-- SOURCE DATA --

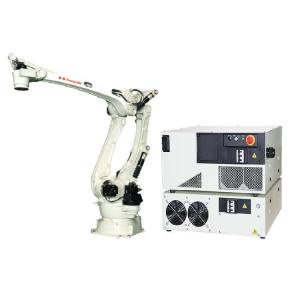 Wholesale Laadvermogen 700kg Robot Arm 4 Axis CP700L Kawasaki from china suppliers
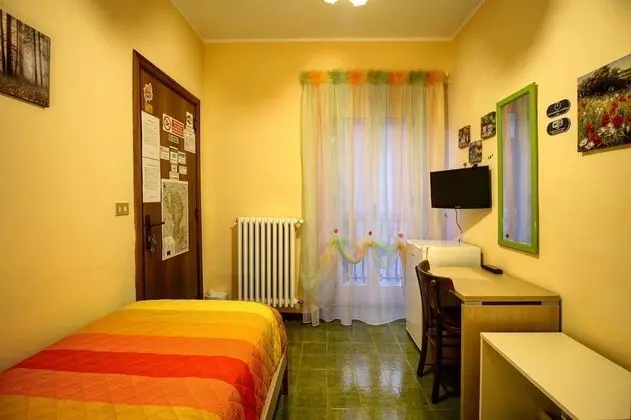 Panoramic Oda, 3 Tek Kişilik Yatak, Balkon, Şehir Manzaralı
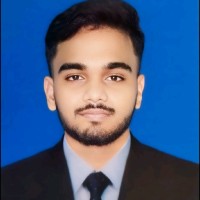 Amit Kumar Samal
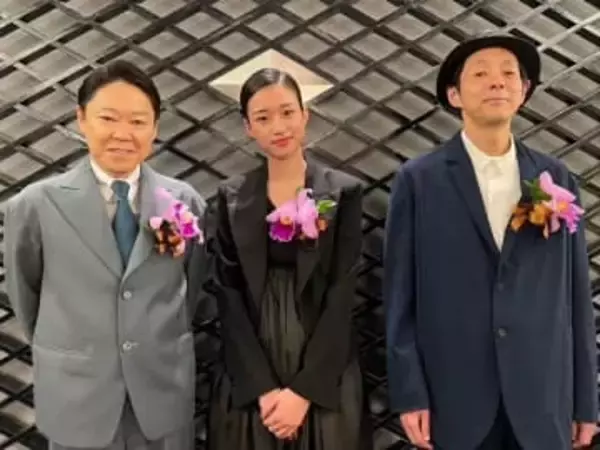 「ど、どうしてそうなった？」麻呂にも武士にも変身…〝激変〟にもほどがある阿部サダヲに爆笑「何をしでかすか期待大」「腹筋ちぎれるに決まってる」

-- EXERCISE OBJECTIVE --
Write out an exact copy of the lines beginning at the line that contains "Amit Kumar Samal" and ending at the last line of the listing. Exclude pictures.

-- WRITTEN REPLY --
 Amit Kumar Samal
 「ど、どうしてそうなった？」麻呂にも武士にも変身…〝激変〟にもほどがある阿部サダヲに爆笑「何をしでかすか期待大」「腹筋ちぎれるに決まってる」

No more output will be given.